Hi. I have been given a small viv that used to house a tarantula. I want a small lizard to put in it. Needs to be really small and preferably something that enjoys being handled. Any advice? thx for any replies.:mf_dribble:


----------



## aidenj123 (Jul 3, 2016)

Mourning geckos are cool small lizards. Tiny when young and pro at escaping! Worth looking at but wouldn't recommend handling as their skin is fragile.

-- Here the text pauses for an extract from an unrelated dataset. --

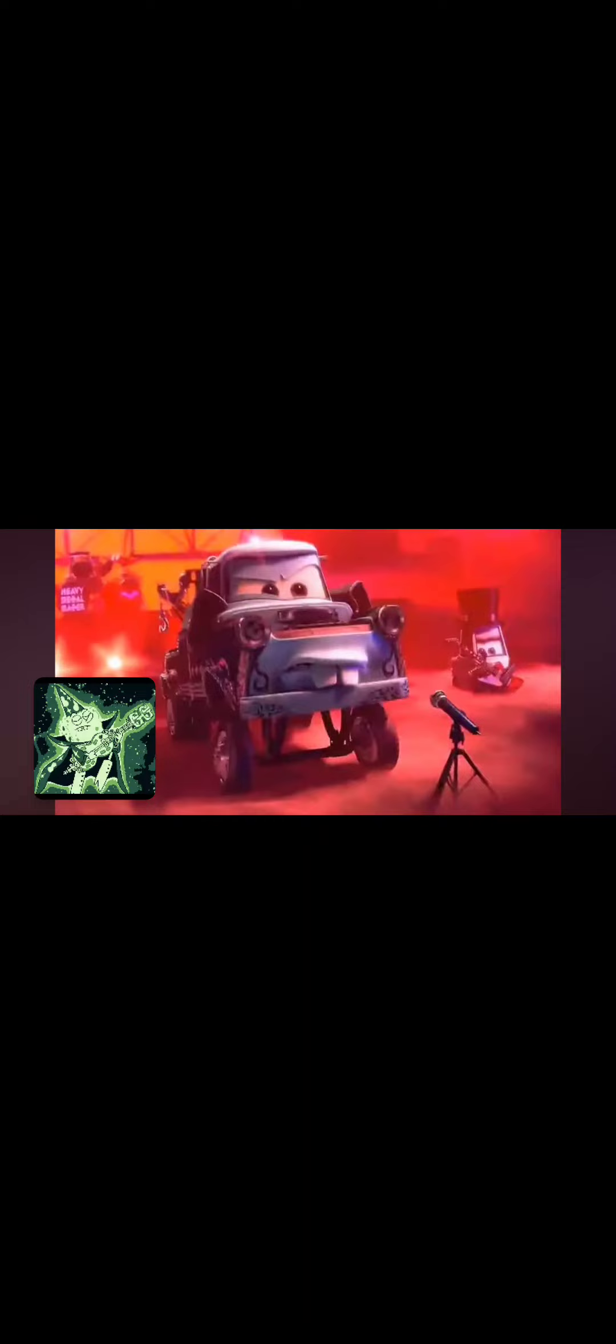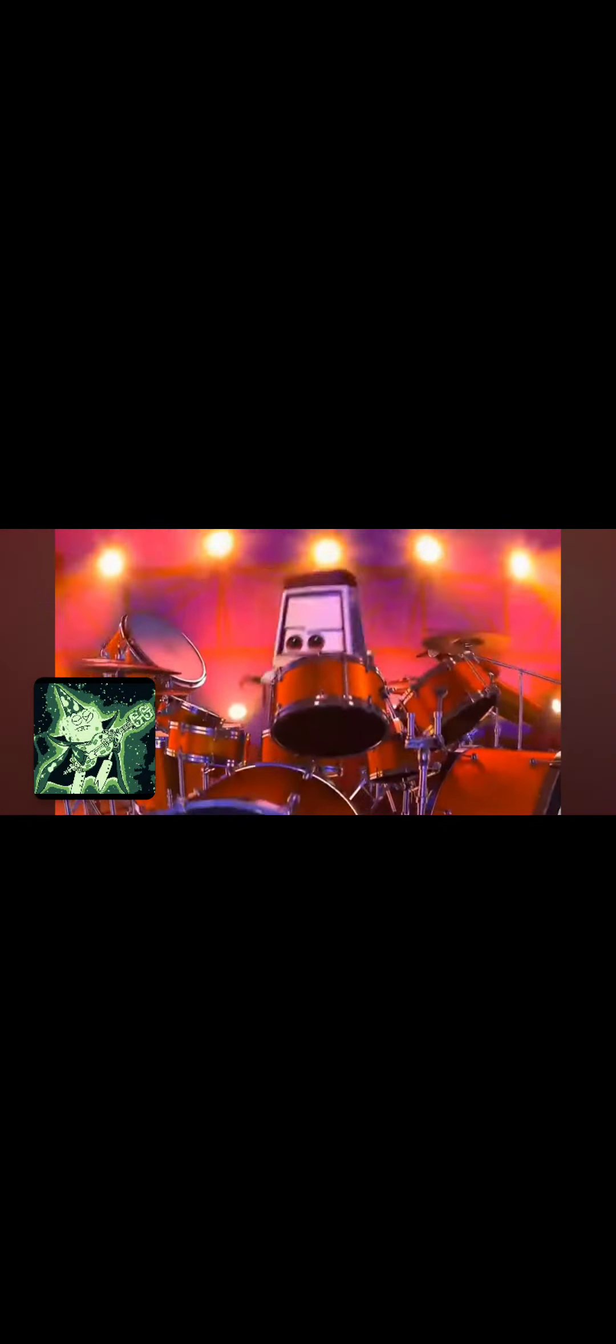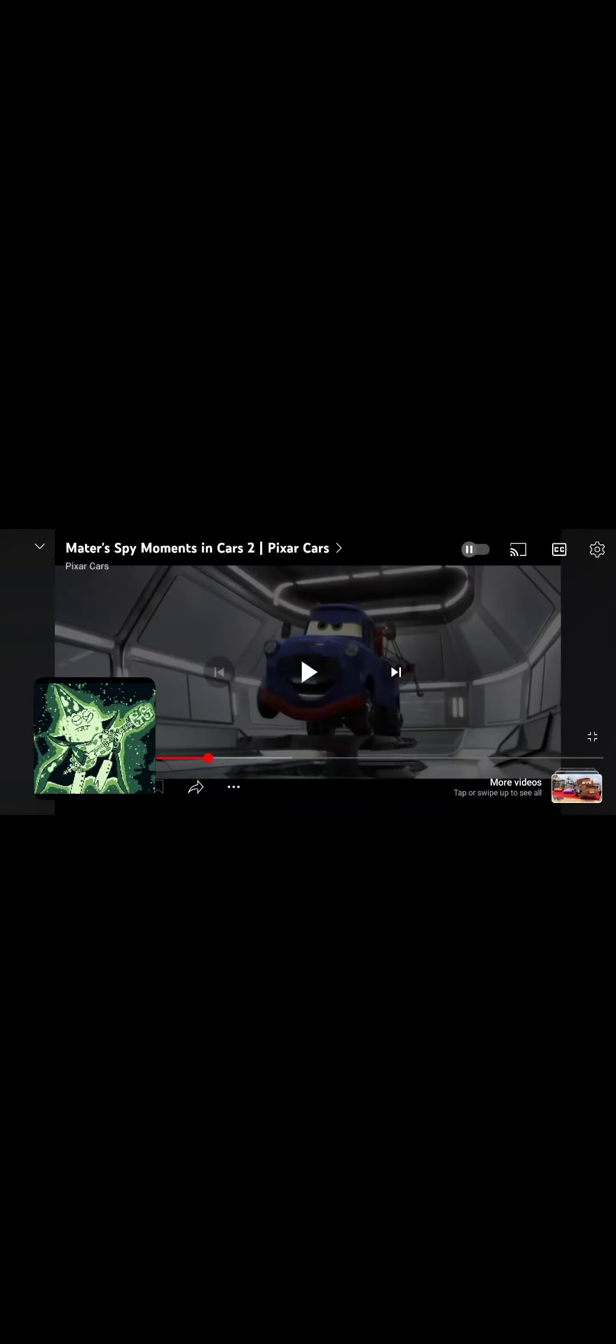Goofy Goofy Goober Goofy yeah I'm a Goofy Goober rock! You're a Goofy Goober rock! We're all Goofy Goober rock! Goofy Goofy Goober Goofy yeah I'm a Goofy Goofy! Goofy Goofy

Most small lizards are really fast so abit hard to handle but is possible with time.


----------



## rextheleopardgecko (Apr 14, 2017)

thanks ill do some research.:2thumb:


----------



## aidenj123 (Jul 3, 2016)

Its okay, Interesting little geckos! : victory:


----------



## SlitherLMD (Mar 19, 2017)

rextheleopardgecko said:


> Hi. I have been given a small viv that used to house a tarantula. I want a small lizard to put in it. Needs to be really small and preferably something that enjoys being handled. Any advice? thx for any replies.:mf_dribble:





aidenj123 said:


> Mourning geckos are cool small lizards. Tiny when young and pro at escaping! Worth looking at but wouldn't recommend handling as their skin is fragile. Most small lizards are really fast so abit hard to handle but is possible with time.


but do thay enjoy handlings?

#howsmall


----------



## aidenj123 (Jul 3, 2016)

SlitherLMD said:


> but do thay enjoy handlings?
> 
> #howsmall



They can enjoy handling with time. 
but as you can see what you highlighted he/she said Preferably something that enjoys handling. I was throwing ideas out.
Its like any animal.. with time and patience any animal could enjoy handling : victory:


----------



## GeckoLeopard (Jun 2, 2017)

How big exactly is the viv?


----------



## ChrisEmptage (Jun 2, 2014)

you could try a leopard gecko or a crested gecko prehaps


----------



## Lunaleo (May 18, 2017)

Depends on viv size but I'd say leopard geckos are very nice animals to keep.


----------



## rextheleopardgecko (Apr 14, 2017)

No its to small. I have a leo and if I put him in that tank he would bareley be able to move.


----------



## jools (Apr 4, 2009)

What size is the viv? 

All lizards, even small ones, require a temperature gradient across the viv - impossible in a very tiny viv. Also - as has been said before - small lizards tend to be very fast and flighty and don't enjoy being handled (do any lizards actually "enjoy" being handled? Some tolerate it better than others).


----------



## Ailsa29 (Jul 4, 2018)

rextheleopardgecko said:


> No its to small. I have a leo and if I put him in that tank he would bareley be able to move.


Chameleon gecko! I’ve got a little eurodactylodes vieillardi in a small tank - he handles quite well and is very cute. Not sure how available they are though.


----------